In [2]:
import pandas as pd
import re
import nltk
from nltk.tokenize import word_tokenize
from nltk.corpus import stopwords
from nltk.stem import PorterStemmer, WordNetLemmatizer

path = "./archive/medium_articles.csv"

df = pd.read_csv(path, delimiter=",", quotechar='"')

# Télécharger les ressources nécessaires
nltk.download('punkt')  # Pour la tokenisation (word_tokenize)
nltk.download('stopwords')  # Pour les stopwords
nltk.download('wordnet')  # Pour la lemmatisation (WordNetLemmatizer)
nltk.download('averaged_perceptron_tagger')  # Optionnel, pour la lemmatisation avancée

nltk.data.path.append('C:/Users/scien/AppData/Roaming/nltk_data')

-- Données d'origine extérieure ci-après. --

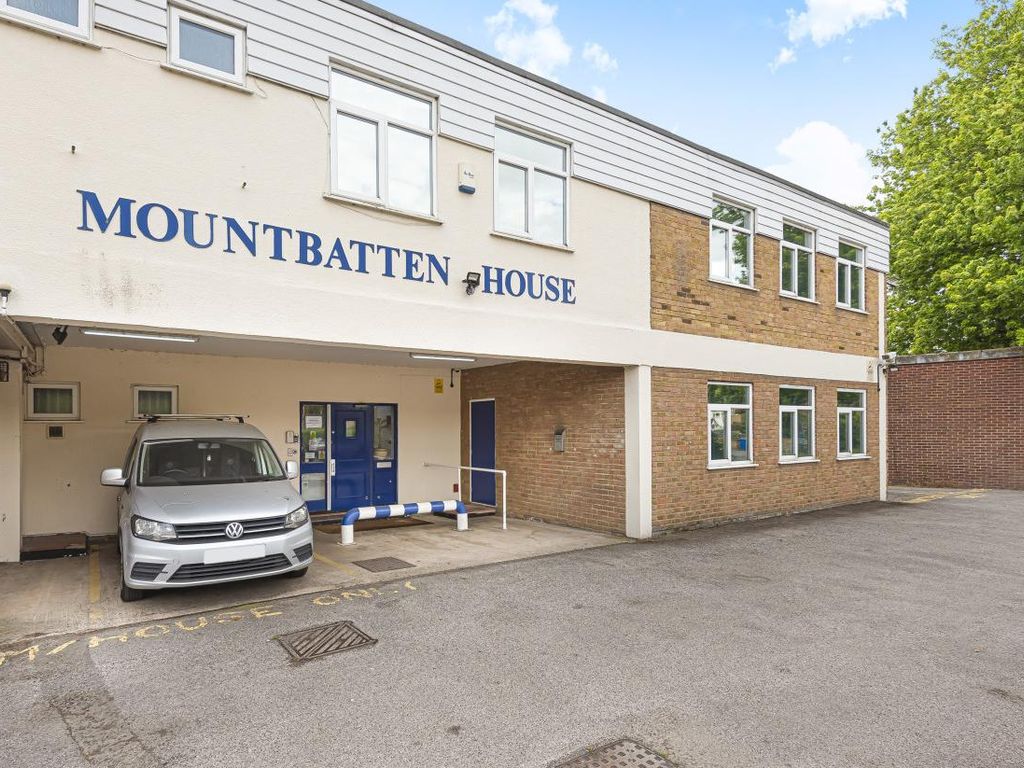 Office to let in Mountbatten House Business Centre, Fairacres, Dedworth Road, Windsor SL4, £4,548 pa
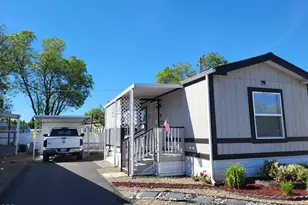 2385 Table Rock Rd, Medford, OR 97501 - Photo 1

# Initialisation des outils de NLP
stop_words = set(stopwords.words('english'))
stemmer = PorterStemmer()
lemmatizer = WordNetLemmatizer()

def preprocess_text(text):
    if isinstance(text, str):  # Vérifie que la valeur est bien une chaîne de caractères
        # 1️⃣ Suppression de la ponctuation et des balises HTML
        text = re.sub(r'<.*?>', '', text)  # Enlever les balises HTML
        text = re.sub(r'[^a-zA-Z\s]', '', text)  # Garde uniquement les lettres et espaces

        # 2️⃣ Mise en minuscules
        text = text.lower()

        # 3️⃣ Tokenization
        tokens = word_tokenize(text)

        # 4️⃣ Suppression des stopwords
        tokens = [word for word in tokens if word not in stop_words]

        # 5️⃣ Stemming
        #tokens = [stemmer.stem(word) for word in tokens]

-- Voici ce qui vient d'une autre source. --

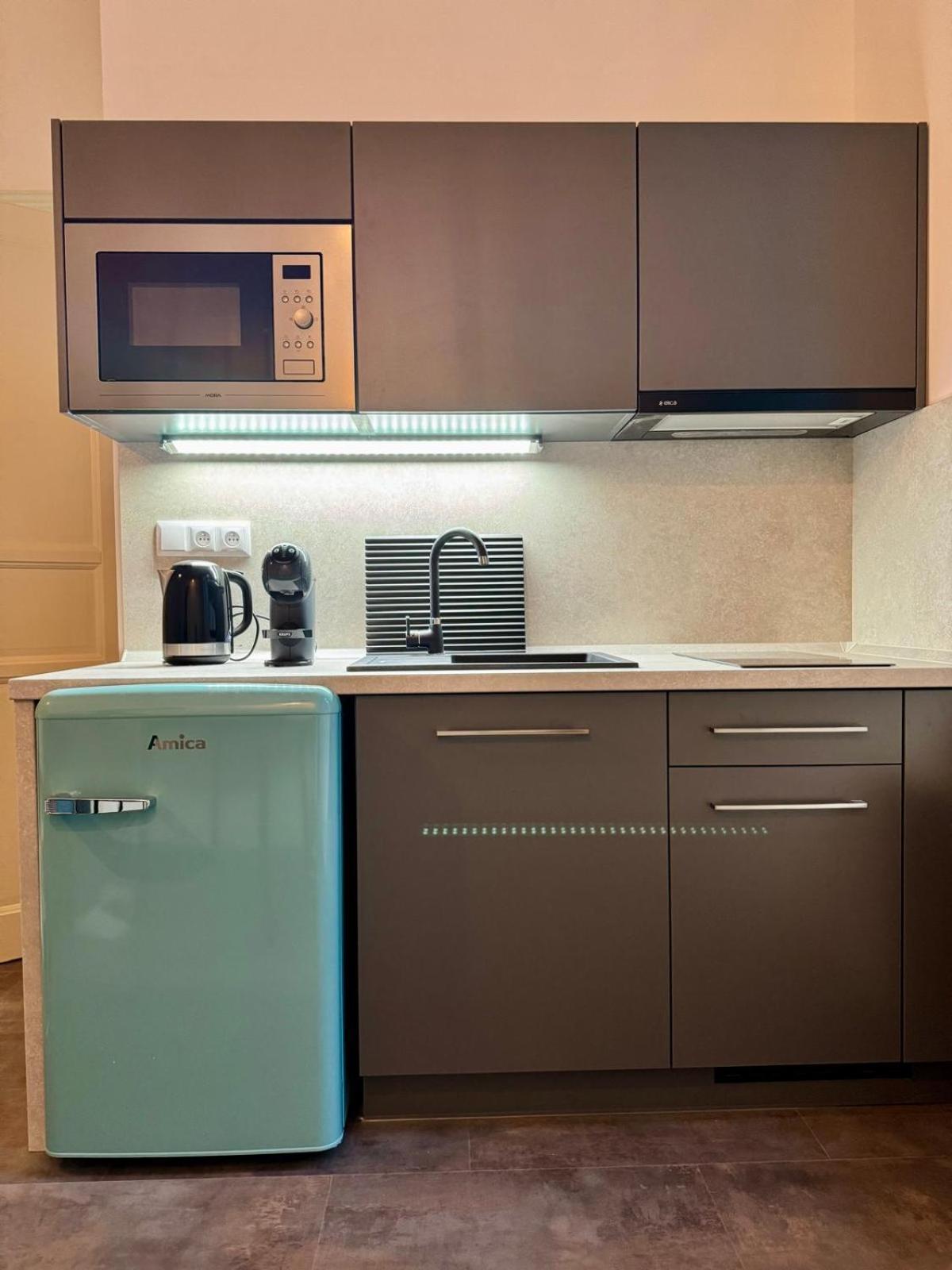Pearl Bee Deluxe Suites Plzeň Buitenkant foto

        # 6️⃣ Lemmatisation
        tokens = [lemmatizer.lemmatize(word) for word in tokens]

        return ' '.join(tokens)  # Reconstruction du texte
    return text  # Retourne tel quel si ce n'est pas une string

# Appliquer le prétraitement sur la colonne "text"
df['clean_text'] = df['text'].apply(preprocess_text)

# Afficher un échantillon des textes nettoyés
print(df[['clean_text']].head())

[nltk_data] Downloading package punkt to
[nltk_data]     C:\Users\bapti\AppData\Roaming\nltk_data...
[nltk_data]   Unzipping tokenizers\punkt.zip.
[nltk_data] Downloading package stopwords to
[nltk_data]     C:\Users\bapti\AppData\Roaming\nltk_data...
[nltk_data]   Package stopwords is already up-to-date!
[nltk_data] Downloading package wordnet to
[nltk_data]     C:\Users\bapti\AppData\Roaming\nltk_data...
[nltk_data] Downloading package averaged_perceptron_tagger to
[nltk_data]     C:\Users\bapti\AppData\Roaming\nltk_data...
[nltk_data]   Package averaged_perceptron_tagger is already up-to-
[nltk_data]       date!


                                          clean_text
0  photo josh riemer unsplash merry christmas hap...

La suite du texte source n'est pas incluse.